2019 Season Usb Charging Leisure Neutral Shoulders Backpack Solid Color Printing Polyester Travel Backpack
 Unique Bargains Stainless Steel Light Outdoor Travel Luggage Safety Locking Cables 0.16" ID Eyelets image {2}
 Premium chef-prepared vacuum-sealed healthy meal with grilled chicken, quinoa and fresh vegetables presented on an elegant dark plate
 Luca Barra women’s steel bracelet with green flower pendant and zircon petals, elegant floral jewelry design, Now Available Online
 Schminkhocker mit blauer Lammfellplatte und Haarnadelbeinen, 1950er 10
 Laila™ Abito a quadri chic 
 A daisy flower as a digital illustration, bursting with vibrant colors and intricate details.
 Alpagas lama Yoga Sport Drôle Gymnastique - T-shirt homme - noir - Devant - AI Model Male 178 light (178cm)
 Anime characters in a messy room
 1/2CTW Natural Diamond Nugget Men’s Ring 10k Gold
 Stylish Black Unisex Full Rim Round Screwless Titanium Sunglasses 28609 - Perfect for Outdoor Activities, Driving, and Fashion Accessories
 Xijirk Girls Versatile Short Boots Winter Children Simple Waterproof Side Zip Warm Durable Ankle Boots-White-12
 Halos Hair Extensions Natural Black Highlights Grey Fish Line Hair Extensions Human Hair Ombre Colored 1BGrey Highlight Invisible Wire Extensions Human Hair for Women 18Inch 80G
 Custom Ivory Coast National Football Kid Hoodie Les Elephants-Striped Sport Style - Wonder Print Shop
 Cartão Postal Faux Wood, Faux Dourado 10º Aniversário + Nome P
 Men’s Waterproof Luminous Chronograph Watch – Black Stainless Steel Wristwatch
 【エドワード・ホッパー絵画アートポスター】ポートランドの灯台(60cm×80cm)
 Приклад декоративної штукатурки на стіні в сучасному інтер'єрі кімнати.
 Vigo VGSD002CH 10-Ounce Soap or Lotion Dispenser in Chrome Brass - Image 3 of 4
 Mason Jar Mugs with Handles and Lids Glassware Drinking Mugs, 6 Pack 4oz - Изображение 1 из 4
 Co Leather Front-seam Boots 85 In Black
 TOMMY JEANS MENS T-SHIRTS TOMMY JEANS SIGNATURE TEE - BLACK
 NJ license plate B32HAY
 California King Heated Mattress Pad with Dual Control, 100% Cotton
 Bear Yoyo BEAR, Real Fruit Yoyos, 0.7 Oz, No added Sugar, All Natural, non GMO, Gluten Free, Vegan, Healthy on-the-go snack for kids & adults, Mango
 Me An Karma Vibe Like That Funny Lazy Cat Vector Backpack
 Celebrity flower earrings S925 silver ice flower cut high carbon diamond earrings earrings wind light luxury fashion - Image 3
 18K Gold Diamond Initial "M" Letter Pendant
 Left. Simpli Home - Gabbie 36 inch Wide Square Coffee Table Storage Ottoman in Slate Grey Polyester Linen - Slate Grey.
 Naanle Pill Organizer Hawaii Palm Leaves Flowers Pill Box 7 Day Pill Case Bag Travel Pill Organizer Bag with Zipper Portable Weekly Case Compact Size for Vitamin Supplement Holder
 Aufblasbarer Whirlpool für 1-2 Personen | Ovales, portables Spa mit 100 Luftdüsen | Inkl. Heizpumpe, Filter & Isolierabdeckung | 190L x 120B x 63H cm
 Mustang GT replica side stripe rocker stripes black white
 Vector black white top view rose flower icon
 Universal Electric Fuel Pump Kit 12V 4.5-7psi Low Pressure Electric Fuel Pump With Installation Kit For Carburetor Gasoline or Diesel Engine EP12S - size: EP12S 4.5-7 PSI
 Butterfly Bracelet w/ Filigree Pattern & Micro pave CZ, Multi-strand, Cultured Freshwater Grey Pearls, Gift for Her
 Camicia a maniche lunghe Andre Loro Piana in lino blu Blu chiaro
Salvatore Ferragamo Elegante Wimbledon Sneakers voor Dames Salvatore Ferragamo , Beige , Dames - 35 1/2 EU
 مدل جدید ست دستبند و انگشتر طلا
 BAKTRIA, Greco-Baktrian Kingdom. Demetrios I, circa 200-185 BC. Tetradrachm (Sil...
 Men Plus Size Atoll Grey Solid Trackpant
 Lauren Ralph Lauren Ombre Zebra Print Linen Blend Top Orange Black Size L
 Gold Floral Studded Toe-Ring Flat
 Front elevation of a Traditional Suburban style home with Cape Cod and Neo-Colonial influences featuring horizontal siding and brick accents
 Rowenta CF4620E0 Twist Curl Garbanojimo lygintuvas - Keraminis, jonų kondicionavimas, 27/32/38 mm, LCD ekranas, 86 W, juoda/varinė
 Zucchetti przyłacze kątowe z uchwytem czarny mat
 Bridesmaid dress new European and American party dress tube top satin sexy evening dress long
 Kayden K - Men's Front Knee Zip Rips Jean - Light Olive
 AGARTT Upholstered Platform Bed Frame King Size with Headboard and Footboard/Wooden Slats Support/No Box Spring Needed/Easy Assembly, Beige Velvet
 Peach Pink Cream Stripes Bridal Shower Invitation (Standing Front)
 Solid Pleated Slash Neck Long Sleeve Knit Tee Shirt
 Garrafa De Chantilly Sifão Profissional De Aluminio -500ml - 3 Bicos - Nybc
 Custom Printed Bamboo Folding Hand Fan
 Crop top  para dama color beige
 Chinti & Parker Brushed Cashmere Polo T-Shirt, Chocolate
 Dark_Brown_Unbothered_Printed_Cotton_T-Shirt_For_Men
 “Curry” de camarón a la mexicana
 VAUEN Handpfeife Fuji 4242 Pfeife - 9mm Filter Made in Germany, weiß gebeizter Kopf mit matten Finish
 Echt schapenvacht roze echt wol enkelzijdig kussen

• • • •

A line qualifies when it holds the word "Filter"; report all qualifying lines from the records above.

> **RESULT OF THE EXERCISE**
 Aufblasbarer Whirlpool für 1-2 Personen | Ovales, portables Spa mit 100 Luftdüsen | Inkl. Heizpumpe, Filter & Isolierabdeckung | 190L x 120B x 63H cm
 VAUEN Handpfeife Fuji 4242 Pfeife - 9mm Filter Made in Germany, weiß gebeizter Kopf mit matten Finish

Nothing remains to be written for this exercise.